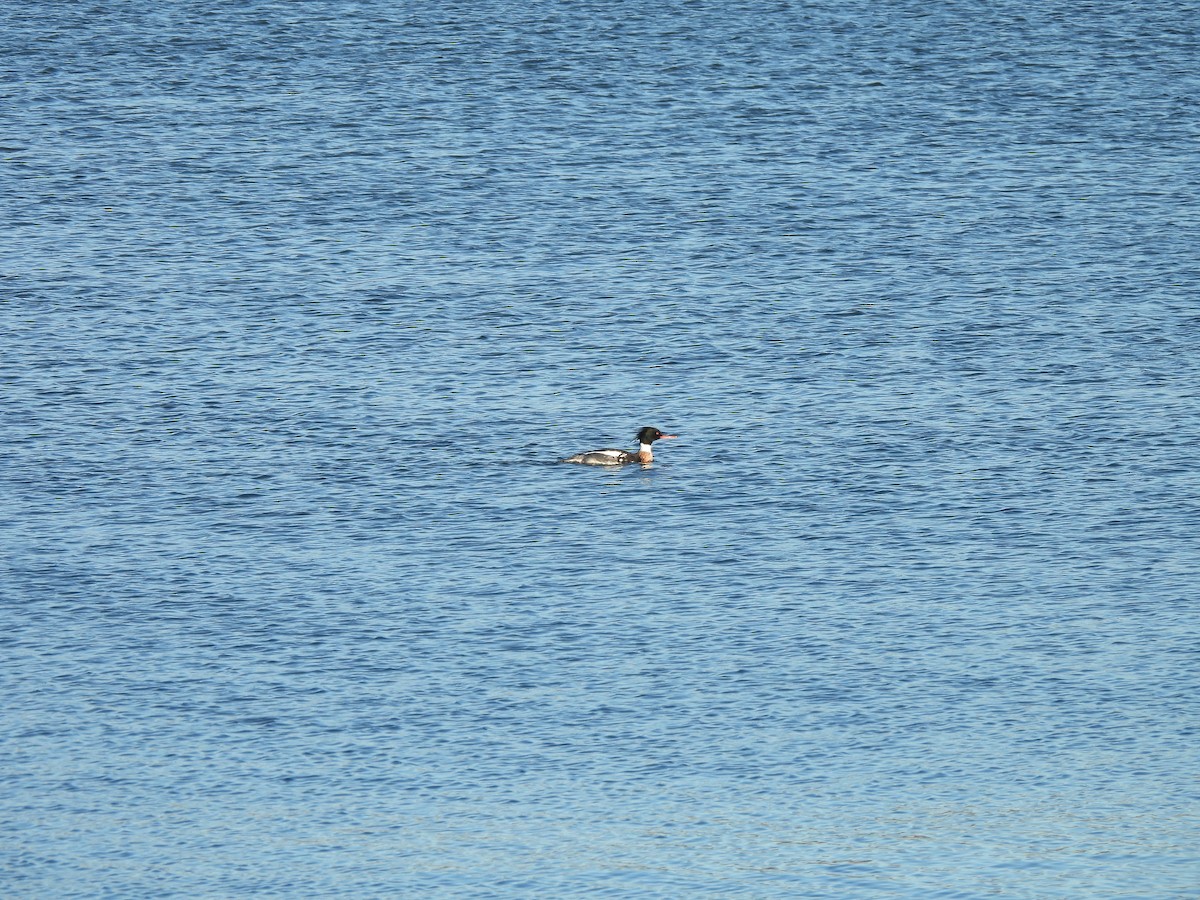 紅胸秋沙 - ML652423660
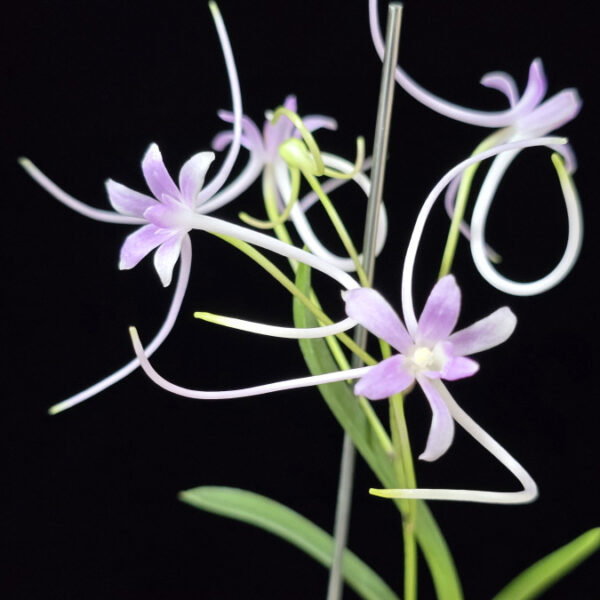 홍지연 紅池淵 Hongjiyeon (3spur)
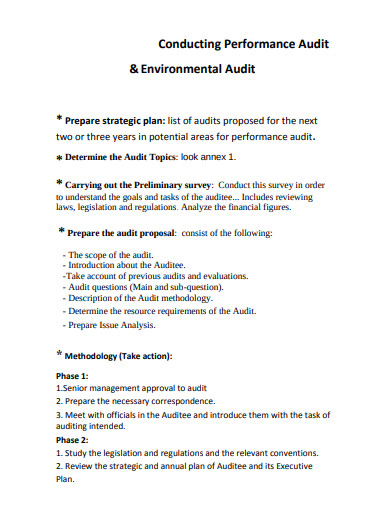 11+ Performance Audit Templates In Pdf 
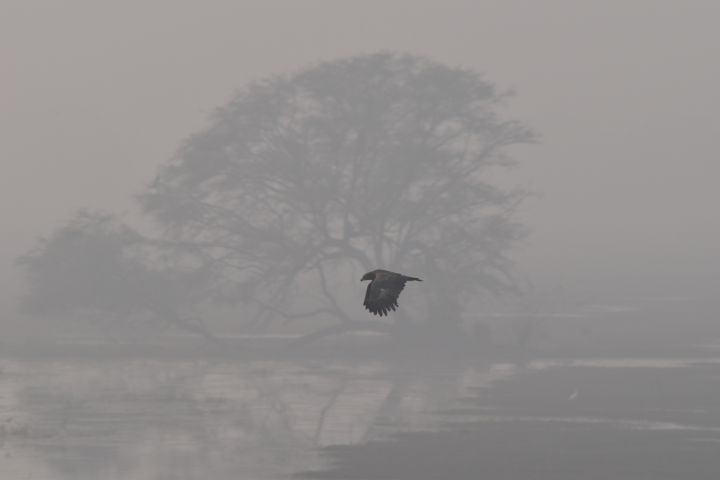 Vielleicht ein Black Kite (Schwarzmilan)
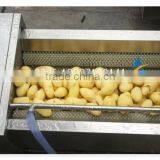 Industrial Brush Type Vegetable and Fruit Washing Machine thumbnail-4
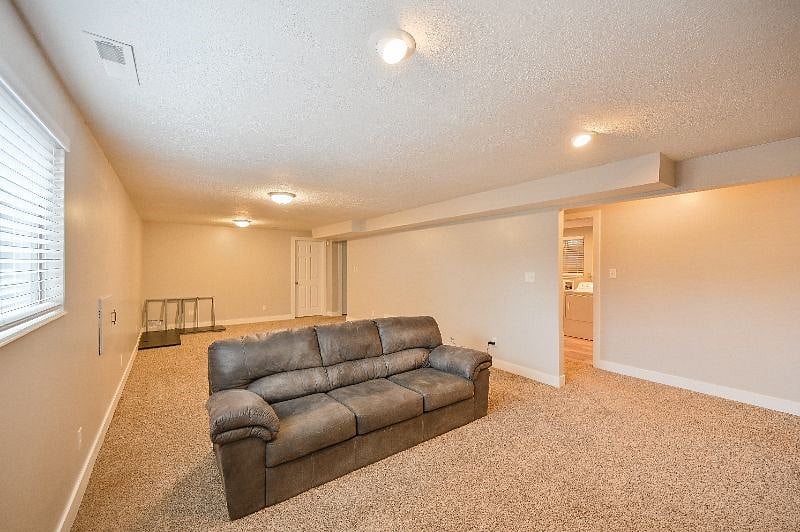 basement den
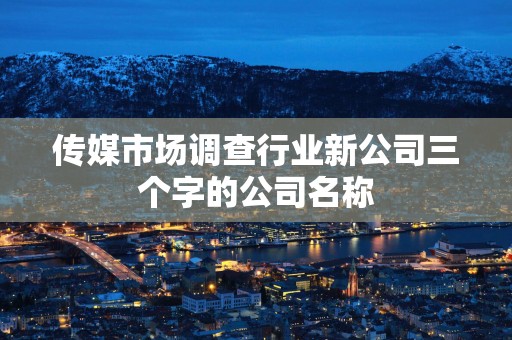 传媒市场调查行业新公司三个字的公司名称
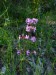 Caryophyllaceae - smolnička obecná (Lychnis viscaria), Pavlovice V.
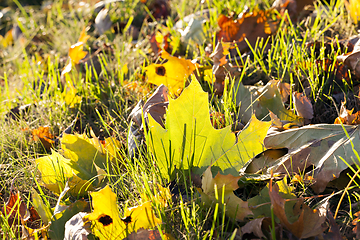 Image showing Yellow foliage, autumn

Work item: An exact copy of the listing is required; return it without any pictures.

Response below:
 紅胸秋沙 - ML652423660
 홍지연 紅池淵 Hongjiyeon (3spur)
 11+ Performance Audit Templates In Pdf 
 Vielleicht ein Black Kite (Schwarzmilan)
 Industrial Brush Type Vegetable and Fruit Washing Machine thumbnail-4
 basement den
 传媒市场调查行业新公司三个字的公司名称
 Caryophyllaceae - smolnička obecná (Lychnis viscaria), Pavlovice V.
 Image showing Yellow foliage, autumn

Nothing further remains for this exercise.